En mi opinion elegiria la Hp (todos excepto uno son de hp y estoy muy feliz) el servicio tecnico muy atentos, si es por via mail y no se soluciona el problema te llaman, si lo envias a hp tardan poco en repararlo 
un saludo


----------



## geronimollanos (May 19, 2011)

Yo personalmente me quedo con HP (NO Compaq, estas son las betatester de HP). Pero DELL no es mala marca, es mas se esta imponiendo en el mercado.
Y si, hay mucha diferencia entre Core2 Duo y un I3. Hice pruebas con los dos y esta lejos mucho mas rapido el I3 que el Core2 Duo.
Saludos!


----------



## jerry101 (Jun 4, 2011)

Me da gusto que te hayas decidido por la dell aunque personalmente no la haya probado, las hp aunque suelen ofrecer muchas cosas (lujo incluido), tienen problemas de sobrecalentamiento, por lo que despues de algun tiempo se dañan las soldaduras del chip de video y necesitarás que se le haga reballing


----------



## geronimollanos (Jun 4, 2011)

jerry101 dijo:


> Me da gusto que te hayas decidido por la dell aunque personalmente no la haya probado, las hp aunque suelen ofrecer muchas cosas (lujo incluido), tienen problemas de sobrecalentamiento, por lo que despues de algun tiempo se dañan las soldaduras del chip de video y necesitarás que se le haga reballing



Creo que se confunden HP con Compaq (segunda marca de HP) hasta ahora no he reparado un solo copro de video en HP TODOS Compaq. Aclaro por las dudas.
Saludos!


----------



## jerry101 (Jun 4, 2011)

geronimollanos dijo:


> Creo que se confunden HP con Compaq (segunda marca de HP) hasta ahora no he reparado un solo copro de video en HP TODOS Compaq.
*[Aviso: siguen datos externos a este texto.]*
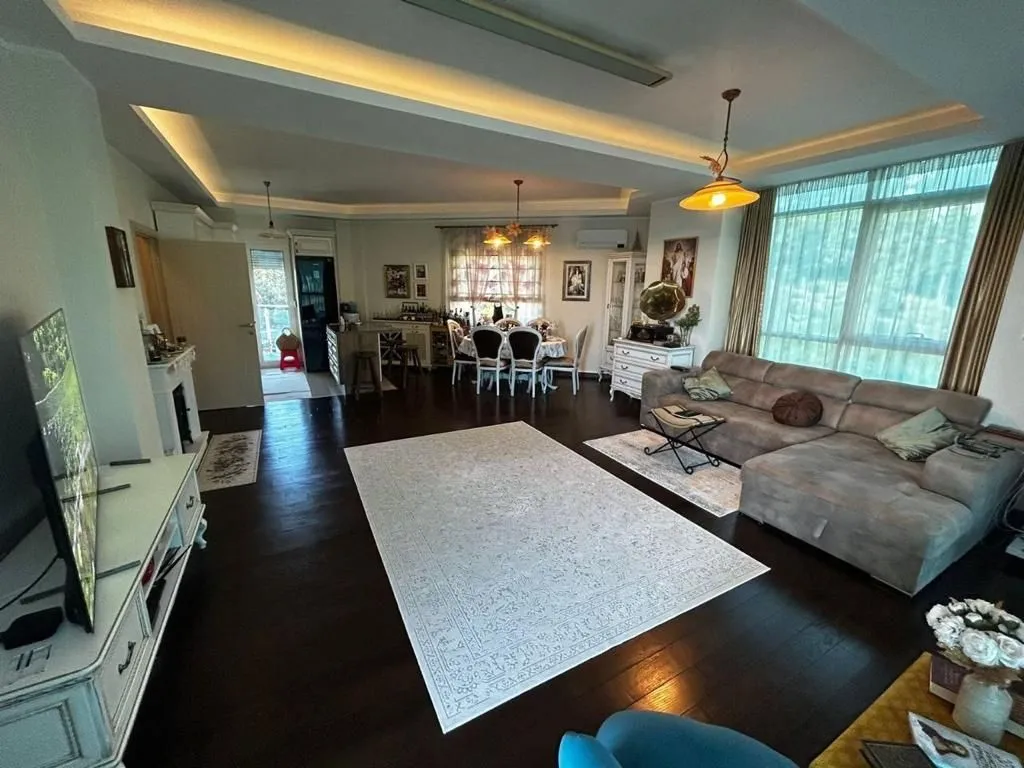 Prodaja, dvosoban stan, 88m², Bečići, Budva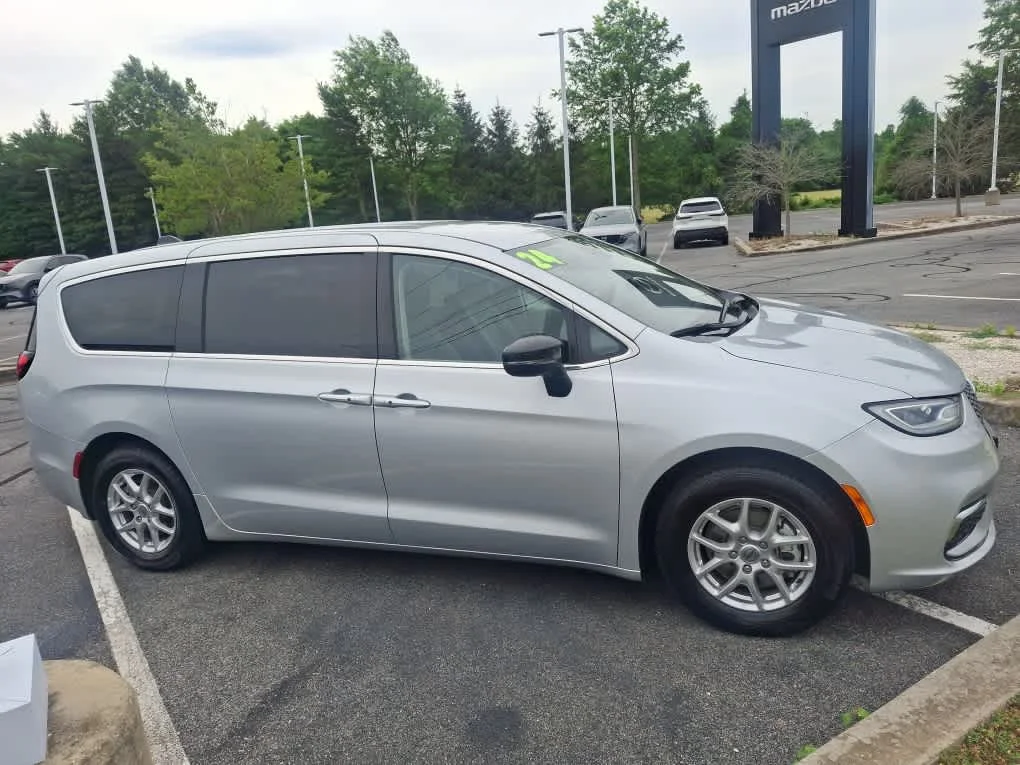 Used 2024 Silver Mist Clearcoat Chrysler Touring L image 3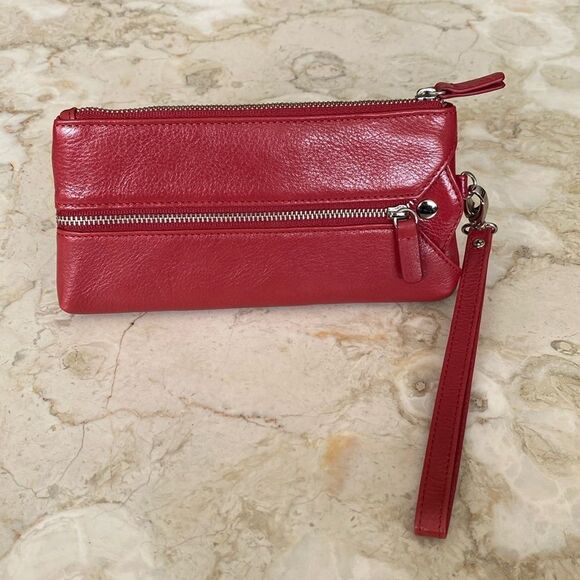 NWOT Danier Leather Wristlet Wallet Red - Picture 1 of 11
Aclaro por las dudas.
> Saludos!



Pues la verdad la mayor parte de computadoras que han llegado al taller con fallas son HP al igual que las compaq, tambien llegan mucho las acer chequen este link tal vez sirva de algo http://www.facebook.com/note.php?note_id=182609854394 y por aca hay otro enlace interesante http://www.qportatil.com/cual-es-la-mejor-marca-de-laptops/ por lo cual se podrán dar cuenta que HP es de las menos fiables


----------



## Neodymio (Jun 13, 2011)

geronimollanos dijo:


> Creo que se confunden HP con Compaq (segunda marca de HP) hasta ahora no he reparado un solo copro de video en HP TODOS Compaq. Aclaro por las dudas.
> Saludos!



Tengo Compaq y me paso eso de la soldadura, por suerte la garantia me lo cubrió.
Igual lei en la pagina de HP que las PC con problema eran tanto Compaq como HP, como si vendiesen lo mismo con distinto nombre para diferenciar HP de Compaq.
Igualmente el 70% de las notebooks que conozco son HP incluso las usan gente del rubro.


----------



## ehbressan (Jun 23, 2011)

Hola Neodymio, en Dell si podès personalizar. Lo que te pasò, es que comprastes en Fravega, y Fravega NO es Dell. Para personalizarla, la tenès que comprar a traves de la pàgina de Dell. Fràvega tiene en stock màquinas ya armadas por Dell, que ellos no pueden, ni les interesa, ni serìa redituable, etc.etc.etc, personalizar.
Sds.


----------